Volunteer Week says we’re ‘better together’ – and it’s very true
23 May 2022 at 4:30 pm
The theme for last week’s Volunteer Week rings very true for Natalie Egleton of the Foundation for Rural and Regional Renewal.
The Foundation for Rural and Regional Renewal (FRRR) is privileged to work with remote, rural, and regional community organisations to help fund them to solve local problems, so they can build capacity and sustainability.
These community organisations are groups of local people who share a vision for their community. They donate their time and service because they believe in their community and they want to make a difference. They belong to Australia’s volunteer army that is valued at an estimated $30 billion per year. They epitomise this year’s Volunteer Week theme of “Better together”.
Volunteers are often the glue holding small communities together. But, they have been under incredible pressure over the past few years, as one disaster after another has kept coming their way. This was clearly confirmed in FRRR’s Heartbeat of Rural Australia report and we continue to see it manifest day to day.
The bottom line is that communities are in danger of missing out on essential services, because such services are often delivered by volunteers that run community organisations. Our research clearly showed that the desire to help each other is still strong within communities, and people want to return to volunteering. People moving into new communities in particular want to join in, as a way to meet people.
So, why am I so concerned about supporting volunteers and succession planning? Until recently, Australia had nearly six million volunteers. This community service was valued at an estimated $30 billion, or a total of 596.2 million hours each year. However, with the bushfires, floods and COVID pandemic over the past couple of years, we now have a third fewer volunteers. This meant that during the height of COVID, Australian communities missed out on around 293 million volunteer hours, or an estimated $13.5 billion in help and support. This is a huge number.

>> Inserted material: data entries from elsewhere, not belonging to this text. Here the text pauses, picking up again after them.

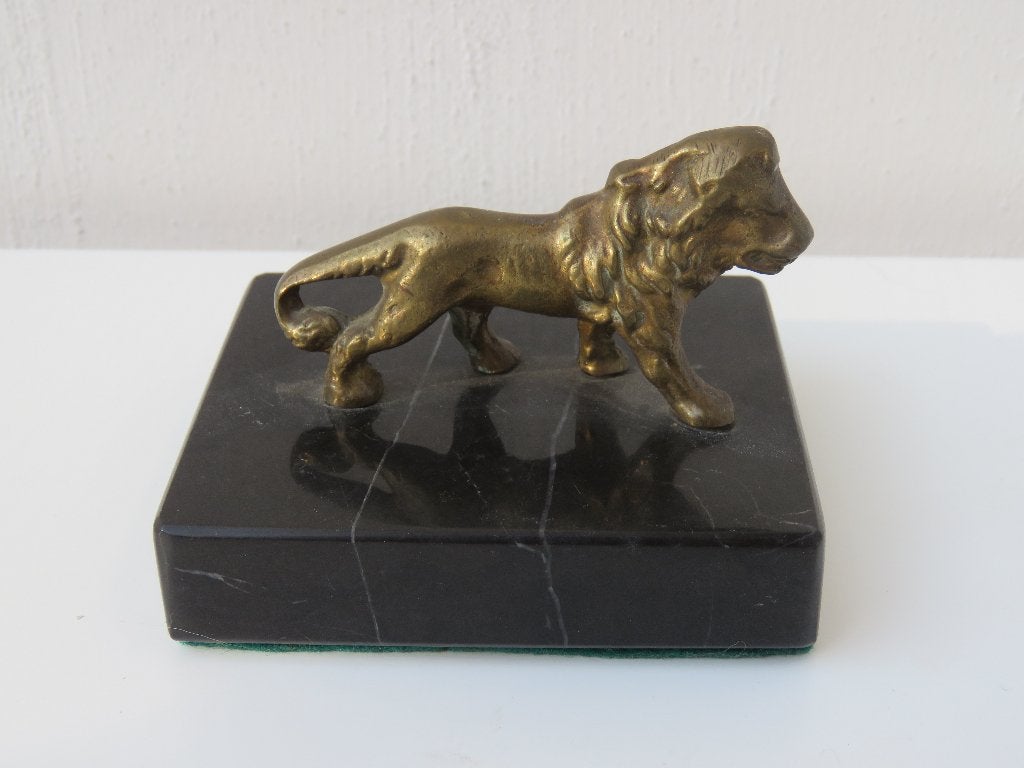 Lion vintage en laiton sur une base en marbre, Enlèvement ou Envoi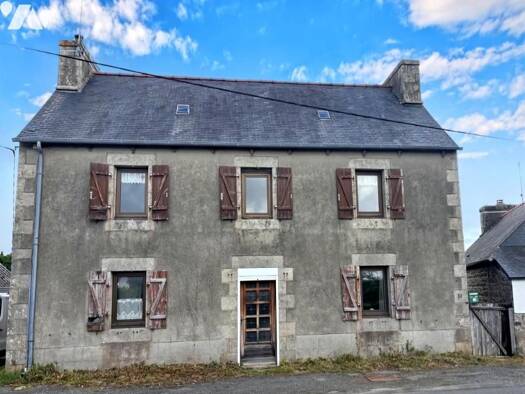 Maison à vendre 131 875 € 5 pièces 3 chambres 456 m² de terrain Ploulec'h 22300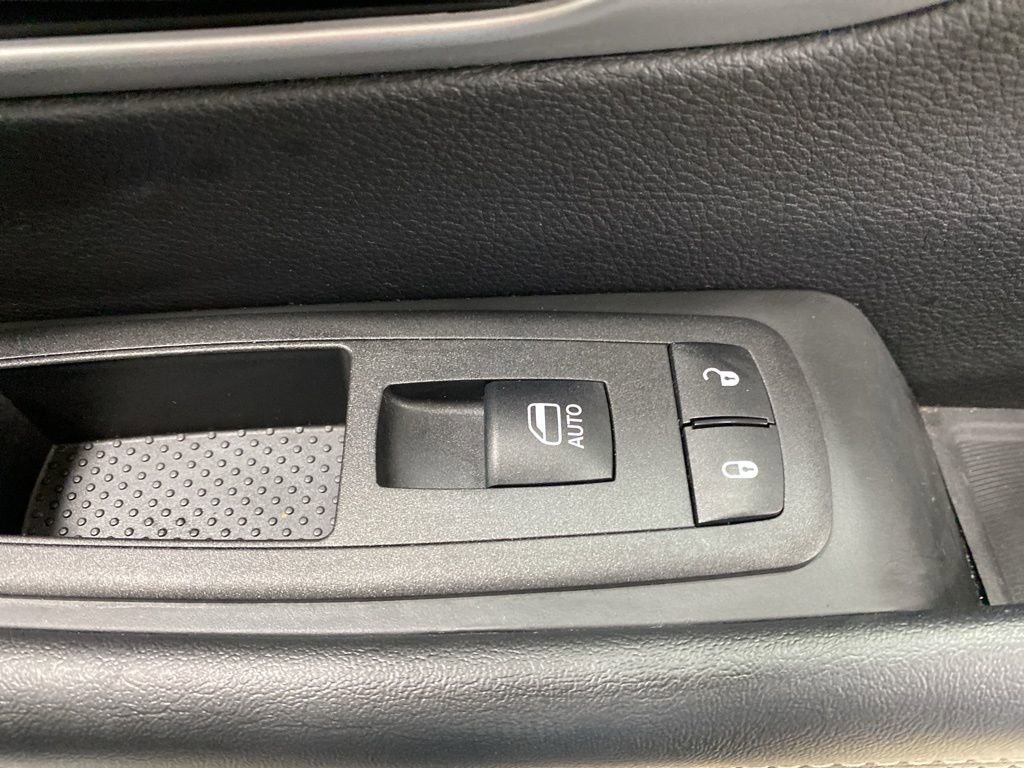 Used 2025 Chrysler Pacifica Limited image 31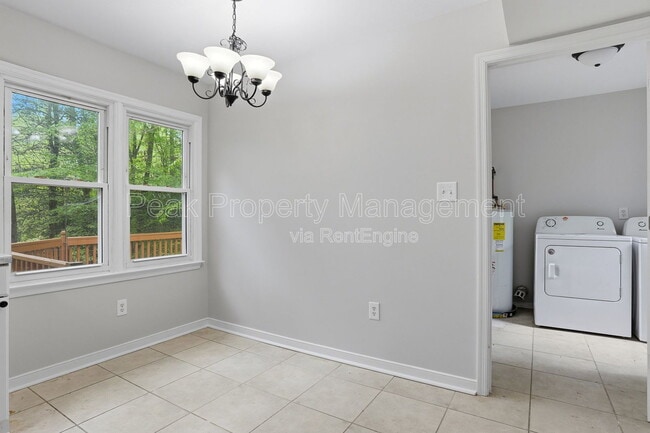 Building Photo - 2307 Providence Creek Rd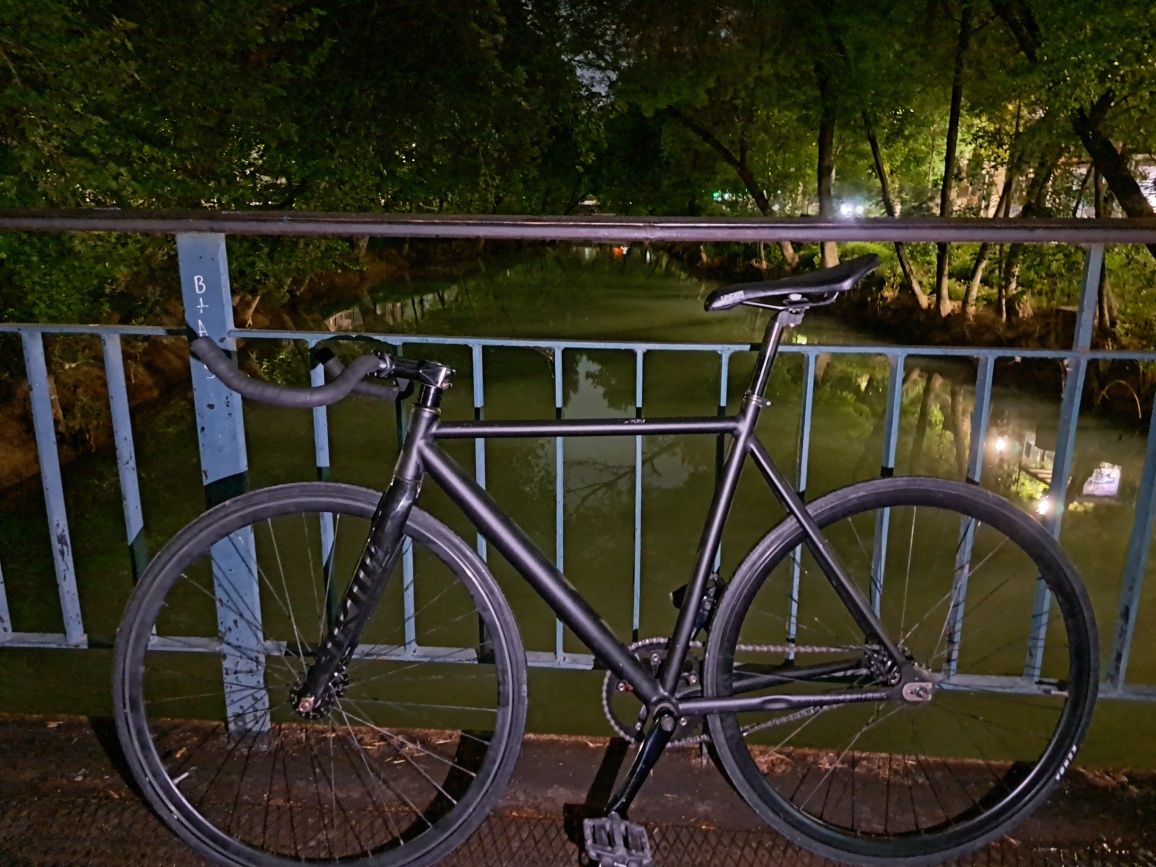 Fixed gear, Unknown велосипед с карбоновый вилкой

Our Heartbeat of Rural Australia report found that volunteers have been fatigued and exhausted for years, but they have always remained optimistic. However, with recent floods, fires and a pandemic, about one third of community organisations had to reduce volunteer hours, or they lost volunteers altogether due to illness, isolation, relocation, or caring responsibilities. In many instances, our volunteers have been victims of these disasters and have themselves required assistance from other volunteers.
Other key Heartbeat findings highlighting the crucial role of volunteers included:
- For people living in rural Australia, the access to health care services and wellbeing support is much more limited and, in some places, almost non-existent. For this reason, community organisations provide that bridge in connecting people with services. Without the volunteers that run these organisations, service delivery is put at risk – as is the wellbeing of communities.
- Global issues such as a pandemic, floods, fire, climate change, economic disruption, and wage disparity tend to be even more intense in regional communities. While our survey respondents were dealing with the pandemic in the past two years, more than 50 per cent were also dealing with drought; 37 per cent faced bushfires; 26 per cent faced floods; and nearly 20 per cent dealt with the mouse plague. On the global stage, these issues can feel insurmountable. But small communities tend to roll up their sleeves, and take up the challenges. This can be attributed to local community organisations – mostly led by volunteers – having a vision, tenacity, patience and an unwavering commitment to finding solutions.
- The compounding impact of cumulative disasters meant that many younger people were too busy managing their families’ needs to volunteer, and others found it hard to navigate the lockdown rules, resulting in fewer volunteers. This, in turn, put more pressure on the few stalwarts remaining to meet their communities’ needs.
So, it’s timely to keep talking about volunteering and succession planning. I feel optimistic that there is a real shift in policy and funding on the horizon that acknowledges the interconnectedness of rural communities, economies, and environments, and appreciation of the value of investing in resilience of people and systems, infrastructure and digital connectivity. We just need to make sure those policies and approaches extend to supporting the volunteers that are the lifeblood of those communities. Their economic, environmental and social impact is invaluable.
It’s time that we look at how we can work “better together” to keep communities connected. At FRRR, we know that we are better together, because every day we bring together philanthropy, government, businesses and individuals who share our belief in the important role of community-led groups. We provide grants and capacity-building support to help make their ideas and vision reality. But we can only do so much.
Australia’s volunteer army are our unsung heroes. They generously donate their time and service to rebuilding communities and making them stronger. So in 2022, let’s come together as a country to find solutions and transform volunteering, so that no community ever misses out on essential services.
This will be the blueprint for us to protect and care for the incredible volunteers who deliver services and care for remote, rural and regional communities. They are the multi-billion-dollar industry that we really can’t live without.